I recently went back to court on a modification of child custody order that my ex brought against me. During the course of the court hearing, the judge stated that since I had 2 consecutive 14 day periods int he Summer, that my ex was entitled to same. But, he said in court that my ex would only receive one 14 day period. When I received the order that was drawn up by my ex’s attorney, and subsequently signed by the judge that heard the case that day, it stated that my ex was to get 2 14 day periods. This is not what the judge said in court, he stated my ex was to only get one. Also, I am ordered in the previous agreement to notify my ex by May 1 of the dates I wish to exercise my 14-day periods in the Summer, but it makes no clarification in this new order that my ex is to do the same. It only states that my ex is to get 2 14 day periods. Can I contest the order that was drawn up by my ex’s attorney on the grounds that it does not match what was said in court? How do I go about doing so?

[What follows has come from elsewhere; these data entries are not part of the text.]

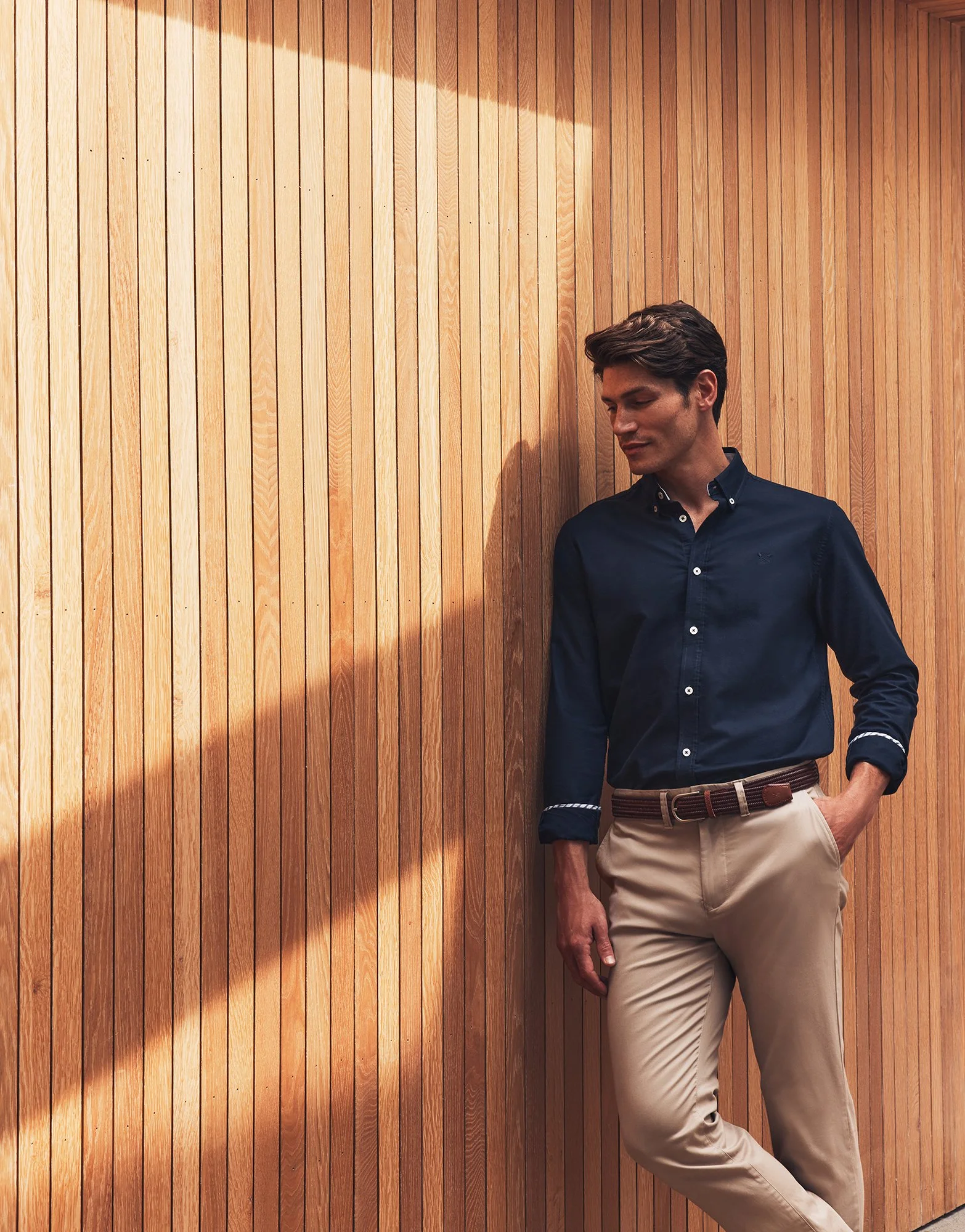 Images for Crew Clothing EE Summer 25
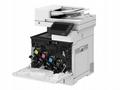 Canon i-SENSYS MF842Cdw barevná MF (tisk, kopírka,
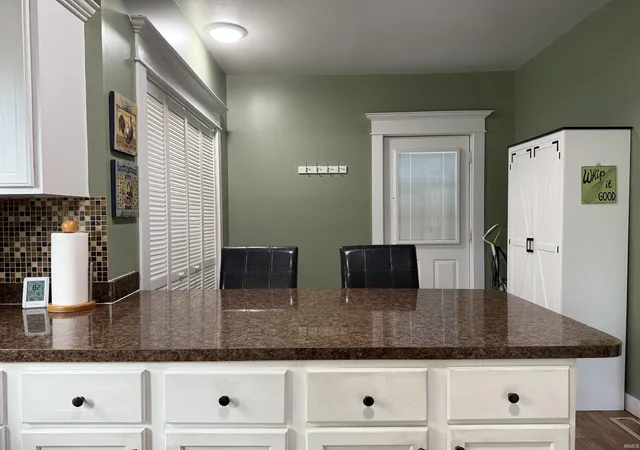5th image of 3113 Washington Ave, Bedford, IN 47421 | MLS# 202623661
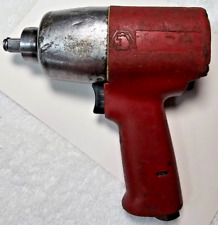 Matco tools drive for sale  Hartland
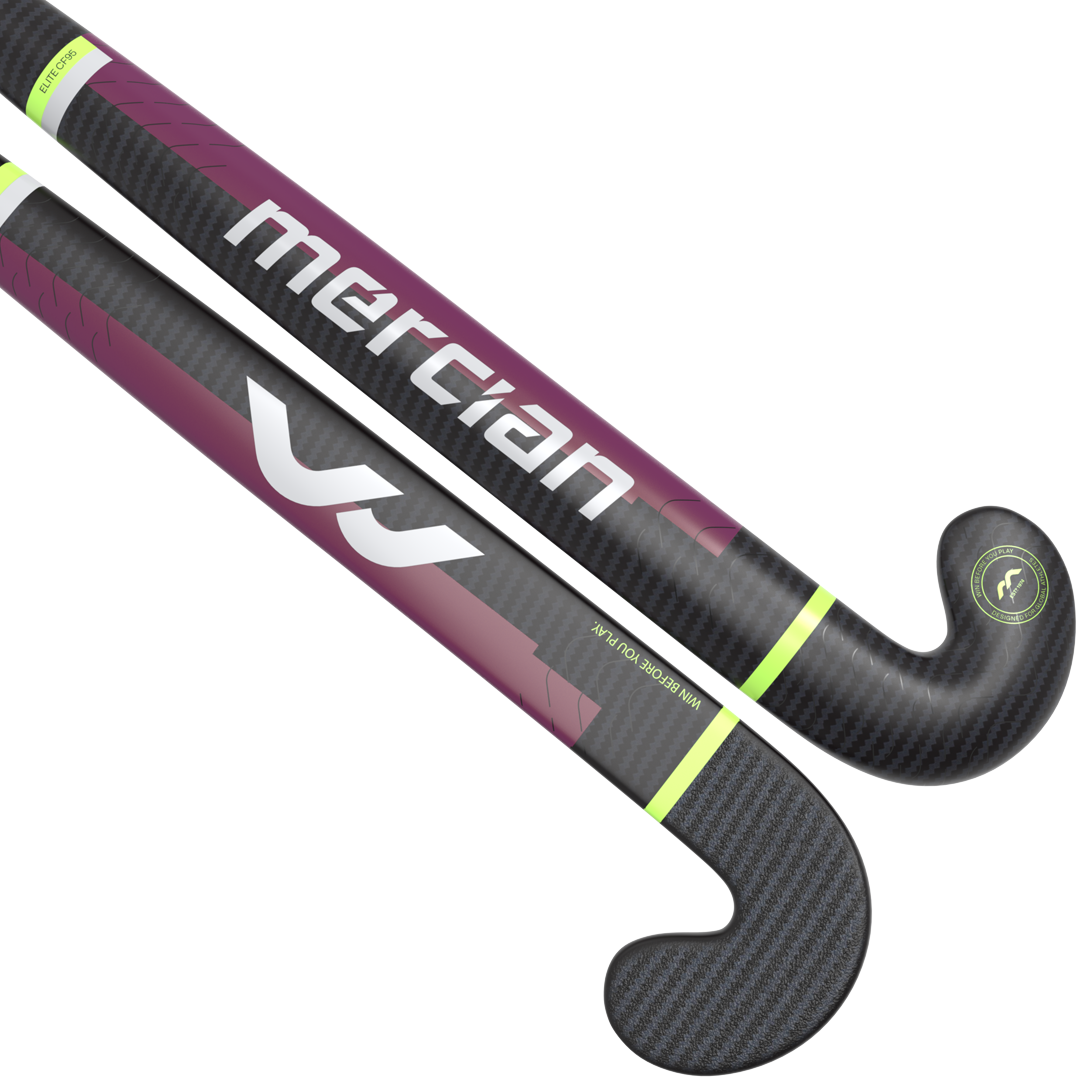Elite CF95 Pro (2025)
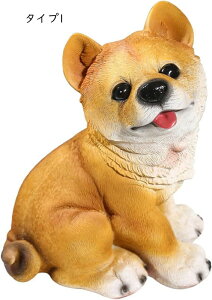  u Č  IV RCoN Aj} u { F hbO IuWF I[ig a l FBƑւ̃v[g IVȒu IuWF Ae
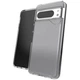 Защитный чехол Zagg Gear4 Crystal Palace для Google Pixel 8 Pro (702313173) - Clear - изображение 3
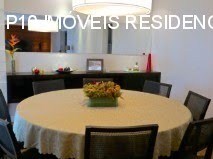 Apartamento, 3 quartos, 192 m² - Foto 11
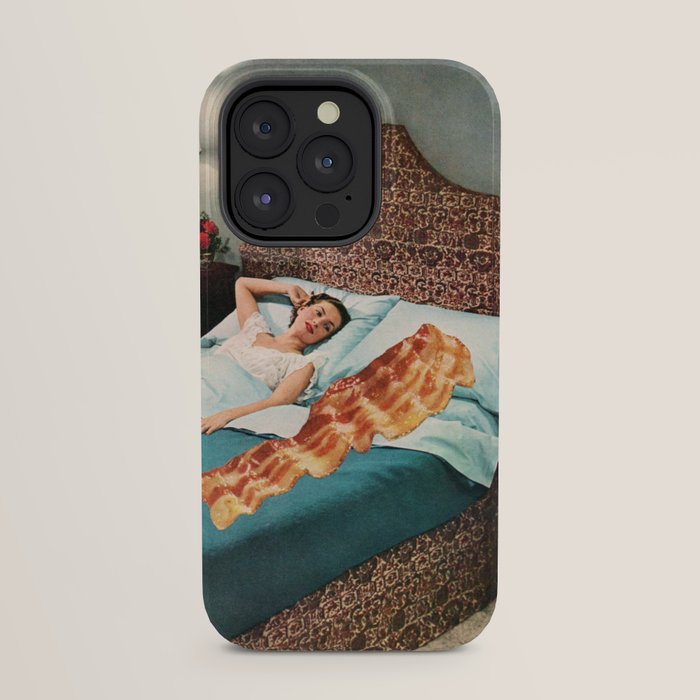 Relationship Goals iPhone Case Gallery Image 31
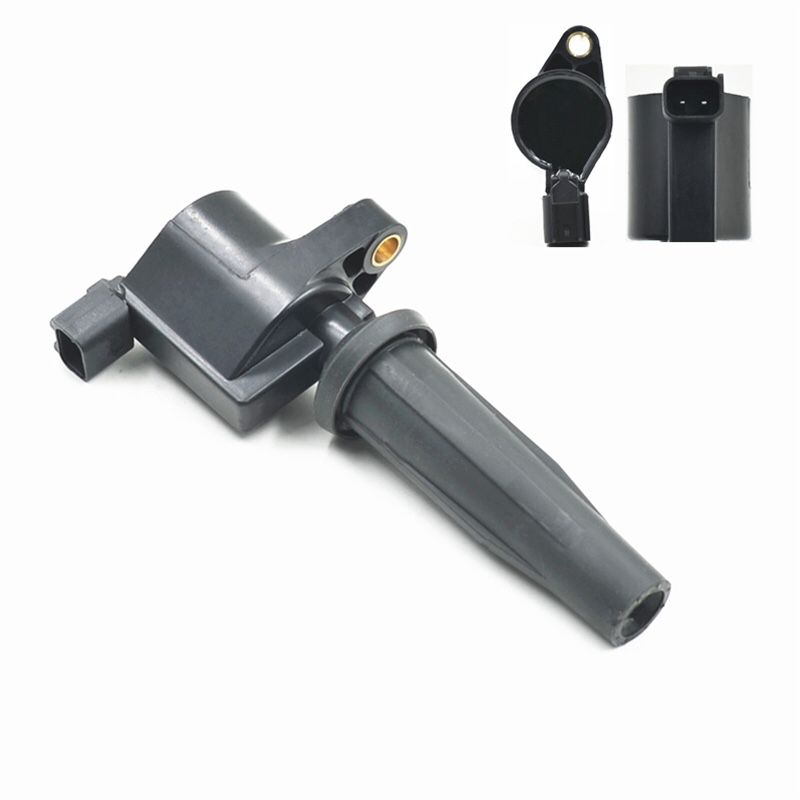 Ford focus ignition coil,OE:1(contact info removed)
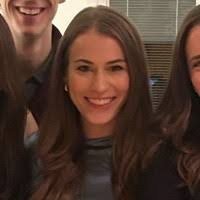 5 "Dudas Rn" profiles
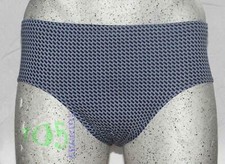 NEUF @@ SLIP 100% COTON EMINENCE + M(FR3 - 5eur) XL(FR5 - 7eur) 2XL(FR6 - 8eur)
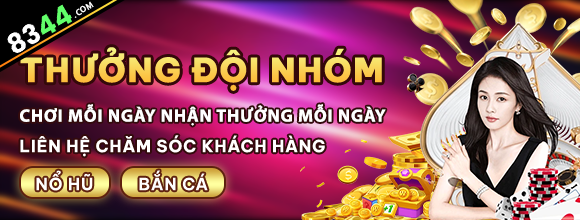 Hình ảnh quảng cáo của aog88 hiển thị nền tảng và các lợi ích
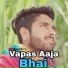 PUSHPENDRA PAL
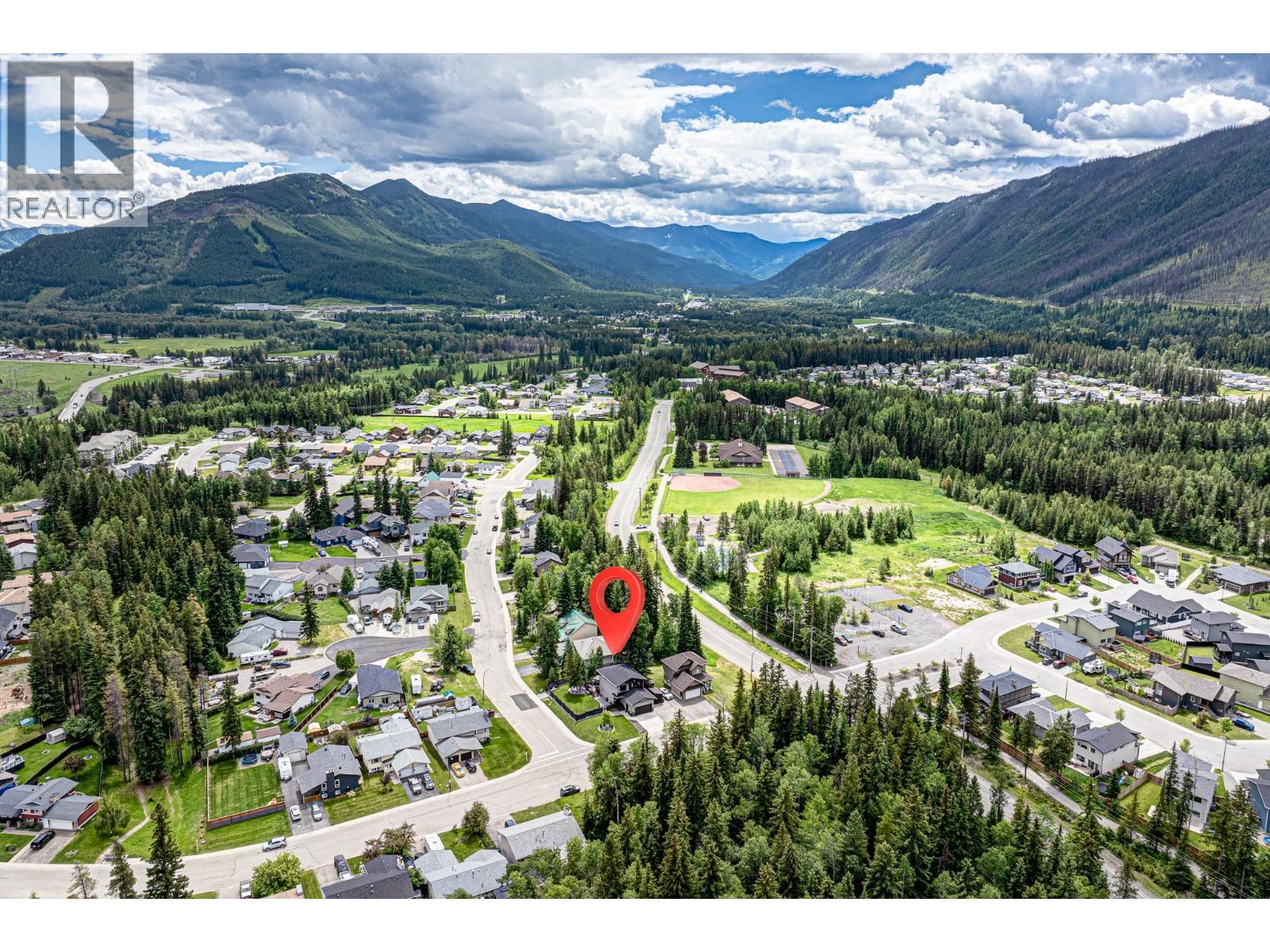 1385 CYPRESS Drive - 80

I have been to court alot on custody/child support issues…and I can tell you this nearly every time the judge makes a judgement/verdict in court and I and my attorney understand it one way, my ex will come back with his attorney and have a different interpretation.
When we have had these issues, there has always been a lag of time between court and the order being signed…my attorney will review the order with me and send it to the other party for review. That is the time to voice any discrepancies, so they can be addressed with the judge before she signs. If the judge has already signed and you didn’t have any discrepancies I don’t know if you have any recourse other than appealling.
Then of course you must decide is it worth the time and money to do so.
If there is truly a difference between what the judge signed and what the judge originally ruled, you can file a Rule 60 Motion to amend the order to properly reflect what the judge originally ruled and therefore correct the Order.